PROBLEM DESCRIPTION: Omit images. Retype all entries verbatim.

[[ RECORDED DATA open ]]

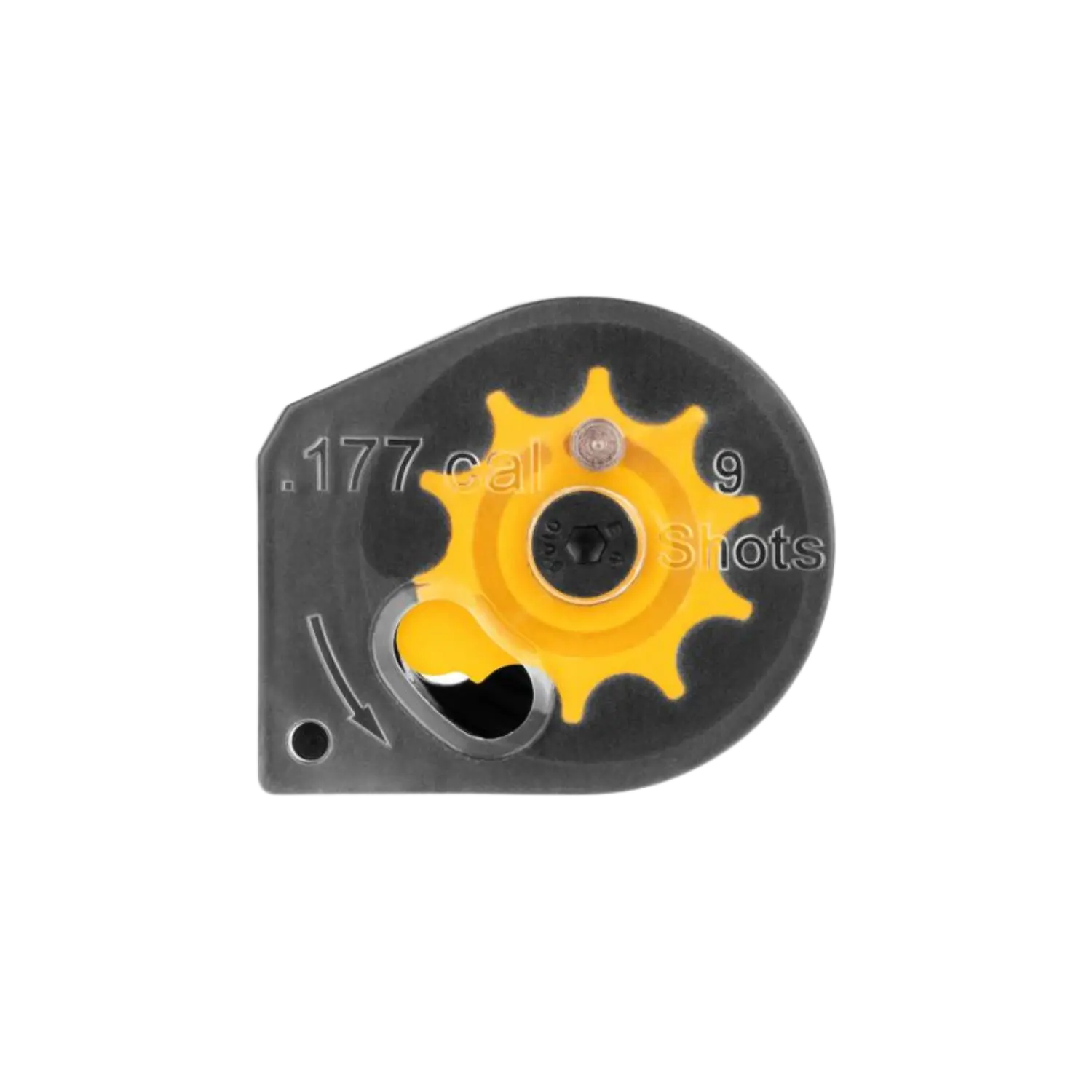 Trommelmagazin für Reximex RP RPA, schwarz-transparent mit gelbem Zahnrad, neun Kammern, Text '.177 cal 9 Shots'.
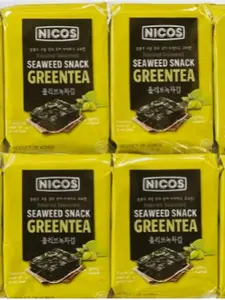 NICOS Seaweed Snack Roasted Seasoned Greentea Flavor 16 Packs - 0.14oz each pack Savory Treat Convenient Snack Choice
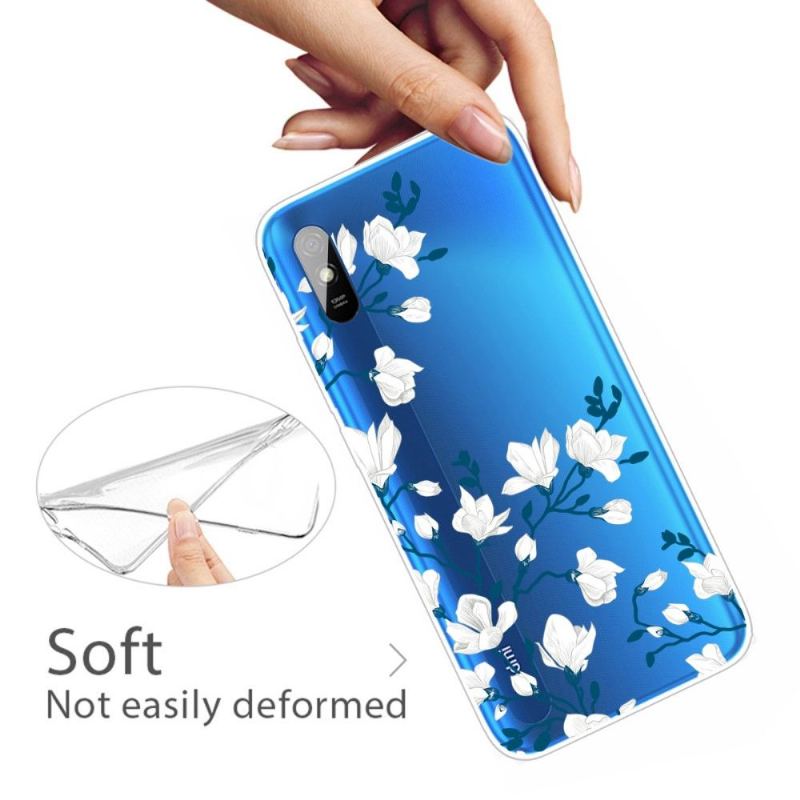 Skal För Xiaomi Redmi 9A Vita Blommor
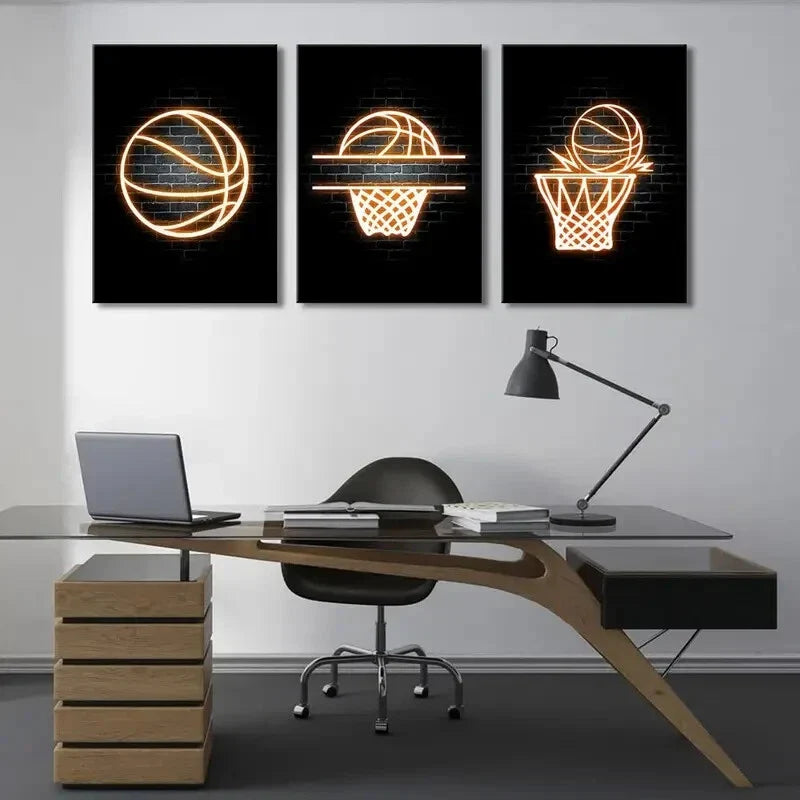 3pcs  Creative Basketball Art Neon Painting Metal Print Ready to Hang Art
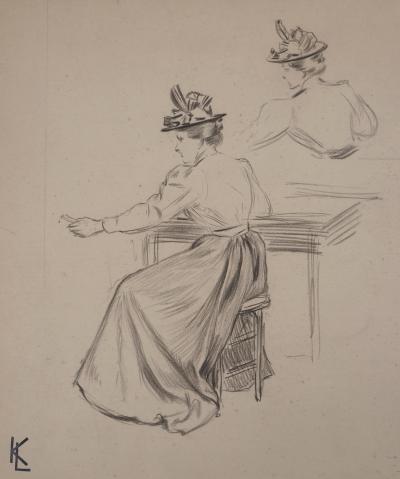 Léopold Franz KOWALSKI: La dame au chapeau, dessin original 2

[[ RECORDED DATA closed ]]

ANSWER AREA:
 Trommelmagazin für Reximex RP RPA, schwarz-transparent mit gelbem Zahnrad, neun Kammern, Text '.177 cal 9 Shots'.
 NICOS Seaweed Snack Roasted Seasoned Greentea Flavor 16 Packs - 0.14oz each pack Savory Treat Convenient Snack Choice
 Skal För Xiaomi Redmi 9A Vita Blommor
 3pcs  Creative Basketball Art Neon Painting Metal Print Ready to Hang Art
 Léopold Franz KOWALSKI: La dame au chapeau, dessin original 2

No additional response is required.